We measured a Total Harmonic Distortion of 0,8854% (!) and a Signal-to-Noise Ratio of 81,4dB at full power with 8 Ohm load. The total power before clipping was 120W RMS. Very bad figures for a high-end amplifier... And much worse than the "classical" 606 the 909 is based on.

We decided to take the amplifier apart and to concentrate on 3 possible sources of distortion:

  • The power-supply

  • The amplifier-boards

  • The input-board for the Quadlink

The power-supply board is the "classical" board known from the 606-II and the 707 with a Toroïdal transformer and 4x 15000µF capacitors in a dual-mono design. Only, the original BHC Aerovox capacitors have been replaced by Chinese CapXon capacitors.

We took them out to test them with the Hameg LCR meter.

The BHC Aerovox was the ALP22A 63Volt, the CapXon has no type-indication, it is a plug-in two pin 80Volt 105° type.

We measured the capacitance at 100Hz, 1KHz, 10KHz and 25KHz with a 1V DC bias voltage. Both were within specifications (15mF or more) up to 1KHz. At higher frequencies the BHC scores better with 3x higher capacitance, for example 1100µF at 10KHz instead of 300µF for the CapXon.

The measured internal resistance is about the same and around 10mR at 1KHz.

This leads us to the conclusion that both capacitors are very comparable with a slight advantage for the BHC specifically in the higher frequencies. Of course this test doesn't say anything about the ageing of the capacitors after several hours of usage. The BHC has an excellent reputation for ageing. We decide to replace the 4 CapXon in the power-supply with BHC Aerovox.

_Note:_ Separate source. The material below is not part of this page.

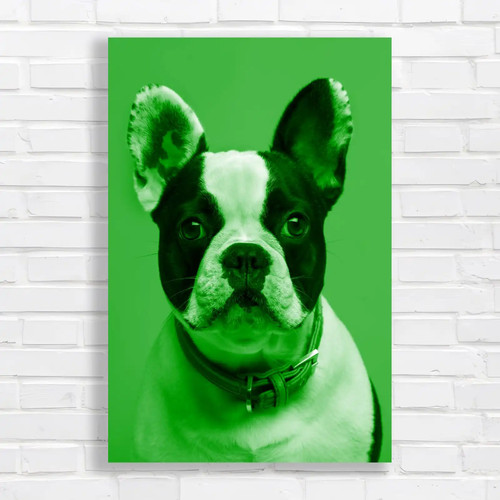 Adorable french bulldog green - adorable,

Then we take a look at the amplifier boards. We replace the low-cost capacitors as usual, the electrolytes with Nichicon, the range between 1nF and 1µF with Wima MKS and the range below 1nF with Silvered Mica.

We also recalculated the bridge and used the exact values for the bridge components. Joost will comment on this later.

We connect the driver-boards to the power-supply. Now we measure a THD of 0,025% and a S/N Ratio of 87dB which is a lot better yet. A listening test gives the rich and transparent sound we are used to with Quad amplifiers.

Finally we take a look at the input-board that also contains the switch-on delay and the symmetric -> asymmetric conversion for the Quadlink.

The asymmetric signal from the RCA-inputs also passes through the output-stages of the preamplifier and again we find some low-cost capacitors on board. At a low input voltage the THD of the board is 0,003% but increasing the input-voltage increases the THD of the board. Around 10V we have 0,4% THD.

As the customer won't use the Quadlink we decide to remove the board from the signal-line and to connect the RCA-inputs directly to the amplifier-boards like in the 606.

The conclusion is that every detail has it's importance for the final sound-quality, specially the quality of the components and that it is best to avoid the Quadlink if you don't need it.


Practical: Component list

The 909 PCB is a thhrough-metalised PCB. You should use a good desoldering-pump or a desoldering-station to remove the old components.

For soldering on the PCB's only use lead-free solder. Tin/lead solder won't mix with the solder on the board.

You can click on the components below to go directly to the Webshop for ordering or for seeing more technical information or price and availability.

This way we have replaced all electrolyte capacitors with the best quality and we have adapted the bridge to the optimum value.

The specifications of the 909 transformer are: 2x 80,5 Volt 500VA

Measurement of a 606 MKII (my own) as a reference:

Vout is 32.2 V, no load, left and right channel:

THD 0.0009 and 0.0010

IM Din 0.0045 and 0.0041

Vout is 32.2 V, load is 8 Ohm:

THD 0.0129 and 0.0059

IM Din 0.0342 and 0.04

So the left channel is out of spec, THD should be lower than 0.01 some work ahead!